▸ **Exercise details**
Transcribe the entries below word for word, beginning at the line with "bigger 3d diamond" and stopping after the line with "1200x1198-35 Trainingspionnen Set"; drop all pictures.

▸ **Material provided**

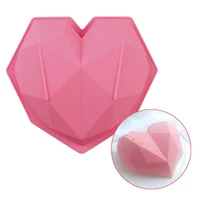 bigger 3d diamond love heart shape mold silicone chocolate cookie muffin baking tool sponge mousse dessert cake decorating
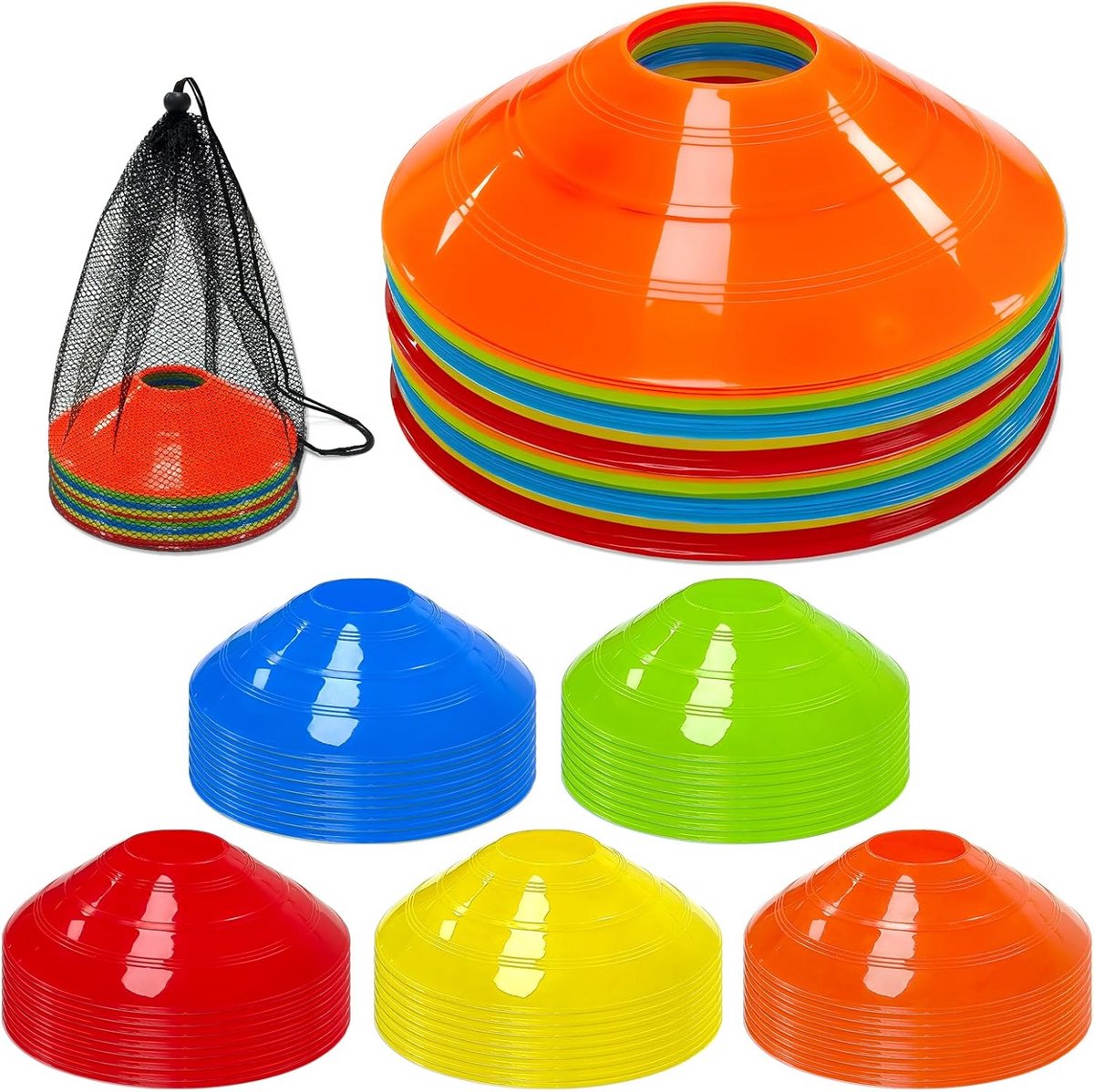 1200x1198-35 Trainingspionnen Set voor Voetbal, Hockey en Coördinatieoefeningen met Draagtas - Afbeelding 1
---
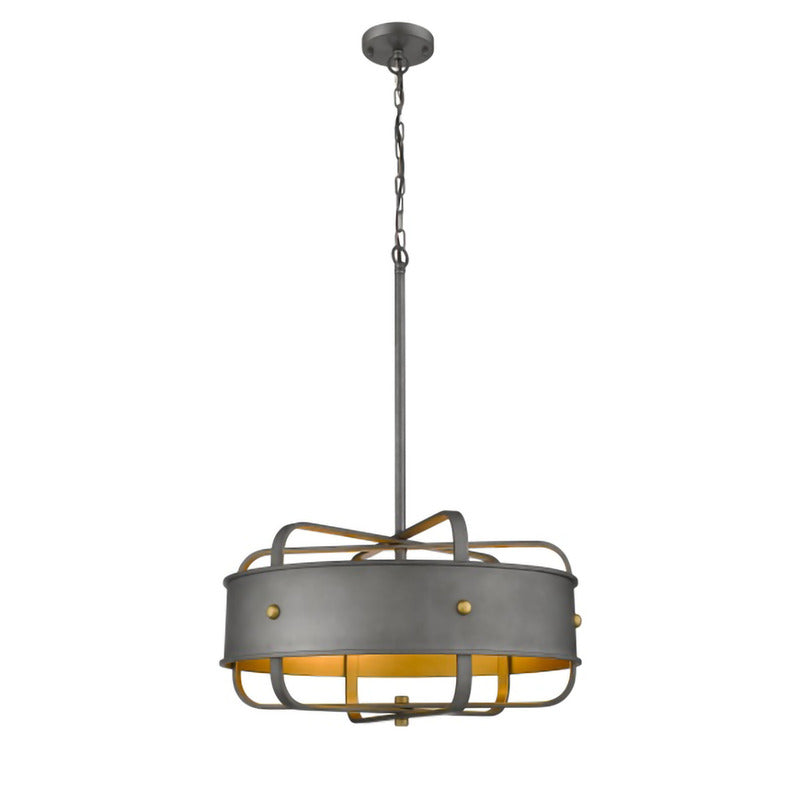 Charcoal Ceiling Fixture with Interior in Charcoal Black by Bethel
--
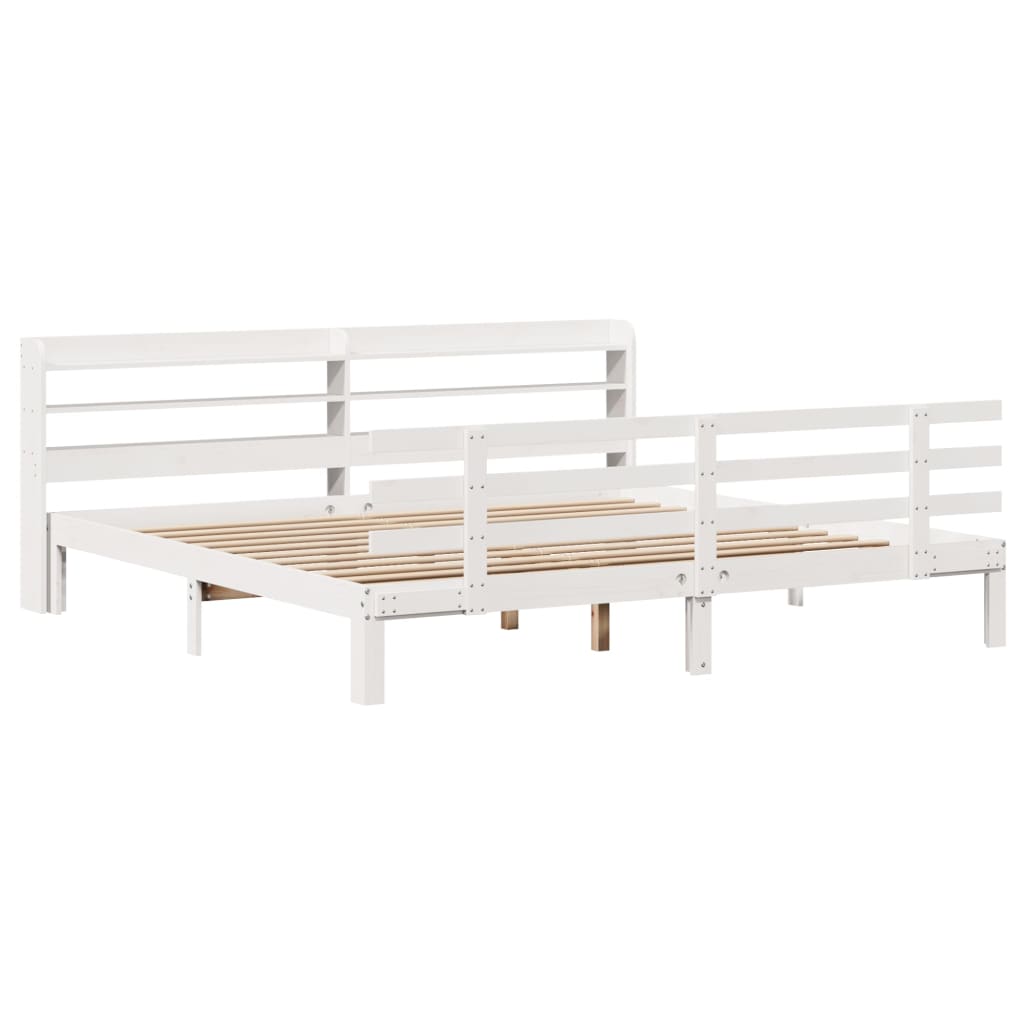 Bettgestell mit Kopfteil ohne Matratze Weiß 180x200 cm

▸ **Reply**
 bigger 3d diamond love heart shape mold silicone chocolate cookie muffin baking tool sponge mousse dessert cake decorating
 1200x1198-35 Trainingspionnen Set voor Voetbal, Hockey en Coördinatieoefeningen met Draagtas - Afbeelding 1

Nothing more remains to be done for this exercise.